Business Requirements

The system must be highly stable, easy to operate, and horizontally extensible.

Pins generated by users must be permanently accessible.

Requests for N pins must be returned in a deterministic order (e.g., reverse creation time or custom sorting).

Updates should be fast, while achieving eventual consistency may require additional mechanisms such as distributed transaction logs.

Design Principles and Notes

Because data spans multiple databases, joins and foreign keys cannot be used across shards; only sub‑queries within a single shard are allowed. Load balancing is essential, and moving data piece‑by‑piece is avoided; instead, whole virtual nodes are migrated to physical nodes when necessary.

A simple, reliable solution was needed for rapid prototyping on a distributed data platform where each node remains highly stable.

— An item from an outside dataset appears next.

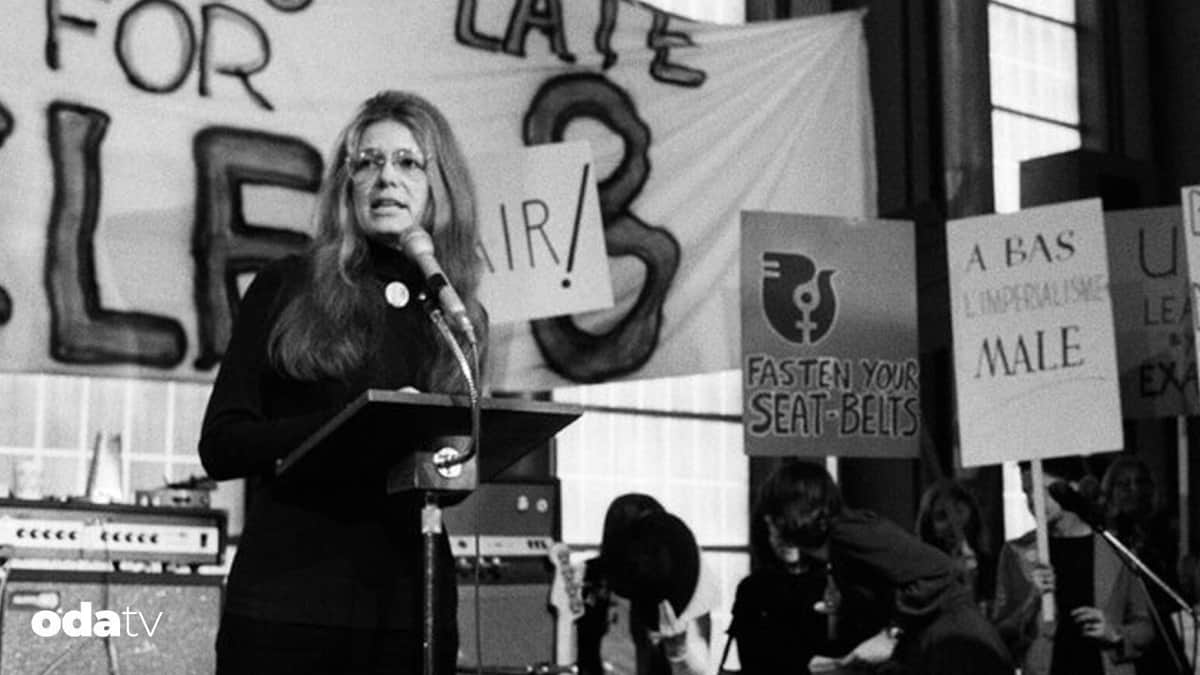 Gloria Steinem mutfakta olsaydı… I A. Nedim Atilla yazdı Gloria Steinem mutfakta olsaydı… I A. Nedim Atilla yazdı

All data is replicated to slave nodes for high availability and periodically exported to S3 via MapReduce. In production, only the master node is written to; slaves are read‑only and lag behind, making them unsuitable for direct reads.

A globally unique 64‑bit ID (UUID) is generated for every object, encoding shard ID, type ID, and a local auto‑increment ID.

How We Partition Data

We chose mature MySQL as the foundation, avoiding newer NoSQL solutions (MongoDB, Cassandra, Membase) that were deemed insufficiently stable at the time.

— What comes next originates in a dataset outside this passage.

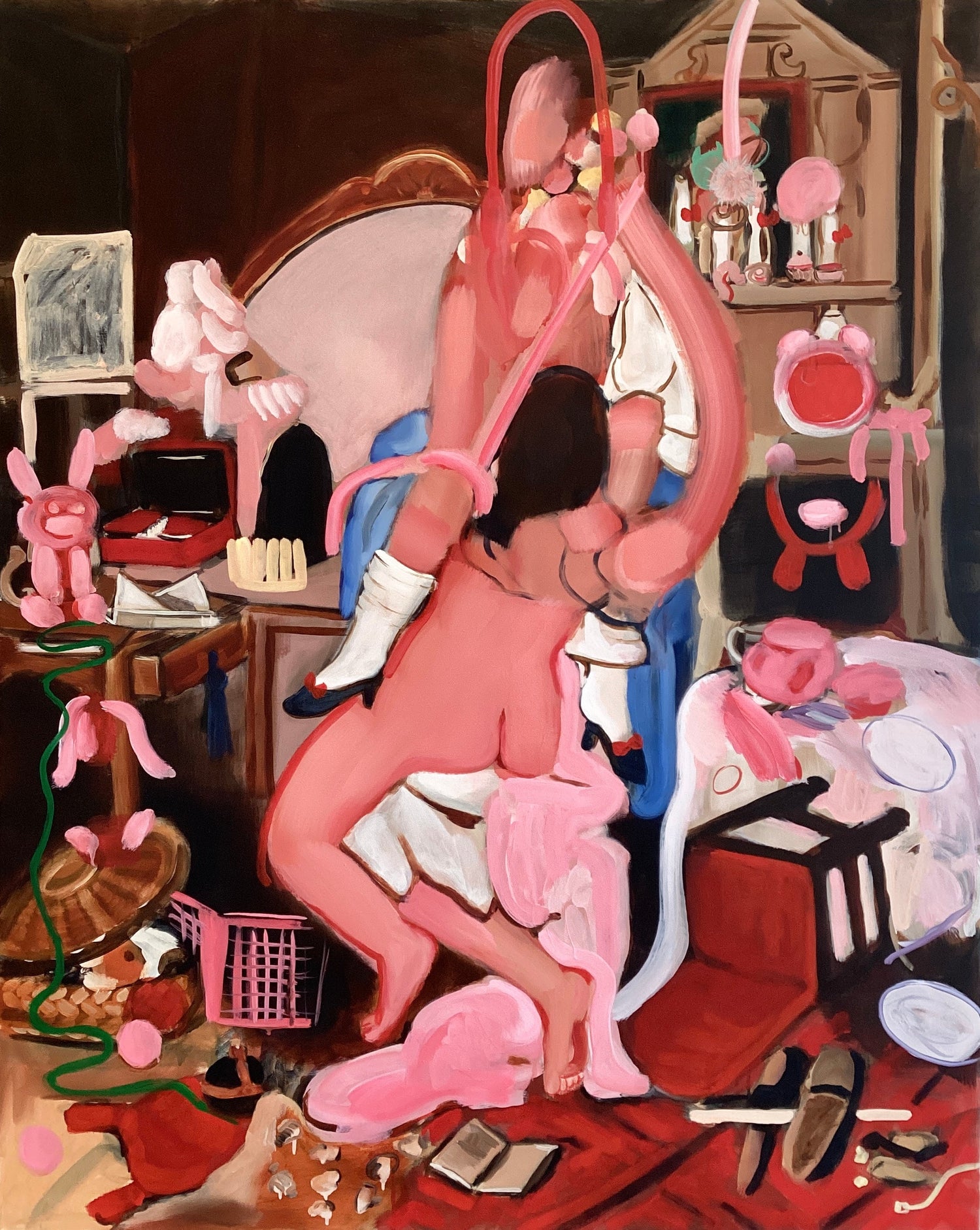 Chivalry and sadness (how to treat a rug burn)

Initially we deployed eight EC2 instances, each running a MySQL master‑slave pair. Every MySQL instance hosts multiple databases named db00000, db00001, …, each representing a shard. A configuration table stored the mapping of shards to physical machines, persisted in ZooKeeper.

When a shard needs to move or a machine fails, the configuration is updated and propagated to all MySQL servers.

Object Tables

Object tables store pins, users, boards, comments, etc. Each row contains a local auto‑increment ID and a blob column holding the entire object as JSON.

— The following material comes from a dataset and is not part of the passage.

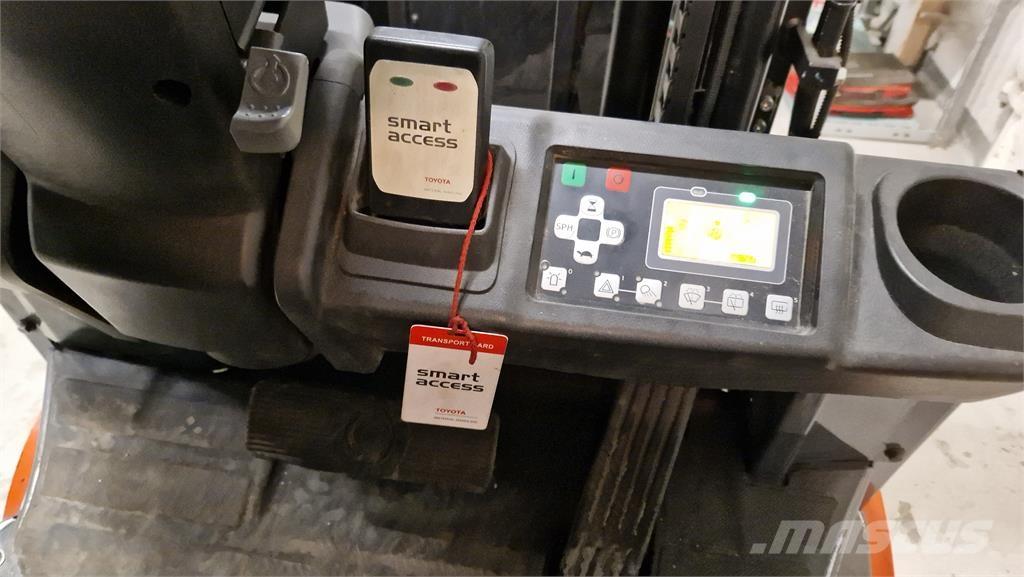 Toyota 8FBE16T Електрически вилични кари-повдигачи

Creating a new pin involves assembling the JSON blob, determining a shard ID (often the same as the board’s shard), inserting the blob into the object table, retrieving the local ID, and finally constructing the 64‑bit global ID.

Updates are performed in a single MySQL transaction (read‑modify‑write). Deletions can be hard deletes or soft deletes by adding an active flag set to false and filtering on the client side.

Mapping Tables

Mapping tables capture relationships such as board‑to‑pin. Each mapping row contains three columns: from (source ID), to (target ID), and sequence (used for ordering). A composite index on ( from, to, sequence) is created, and rows are sharded by the from object's shard ID.

For reverse lookups, separate tables (e.g., pin_owned_by_board) are created. The sequence field often stores a Unix timestamp to provide monotonic ordering.

Typical query pattern: retrieve up to 50 pin_id s from a board’s mapping table, then fetch the corresponding pin objects.

Scaling Strategies

Three primary scaling methods are used:

Upgrade existing machines (more CPU, RAM, faster disks).

Add new shard ranges: initially only the first 4 K shards (0‑4095) were populated; later additional MySQL servers were introduced to host shards 4096‑8191.

Move existing shards to new machines: for example, split shards 0‑511 from an old server into two new master‑slave pairs, each handling half the range.

Advantages

The UUID generation scheme allows easy creation of globally unique identifiers without needing MySQL ALTER operations. Adding new JSON fields or new mapping tables requires only schema‑level changes in the application code, not costly database migrations.

Mod Shard (Hash‑Based Sharding)

For data that cannot be accessed by ID (e.g., mapping a Facebook ID to a Pinterest ID), a separate hash‑based shard system is used. The shard is computed as shard = md5("1.2.3.4") % 4096, and a configuration file maps each hash bucket to a physical shard.

Final Thoughts

The system has been in production at Pinterest for over three and a half years and continues to serve massive traffic. While it does not guarantee full ACID properties, it provides sufficient reliability and performance for Pinterest’s workloads. Failure recovery relies on ZooKeeper‑stored shard configurations and manual promotion of slaves to masters when a master fails.

Overall, the design demonstrates that a carefully engineered MySQL sharding architecture can meet the demanding scalability and stability needs of a fast‑growing internet service.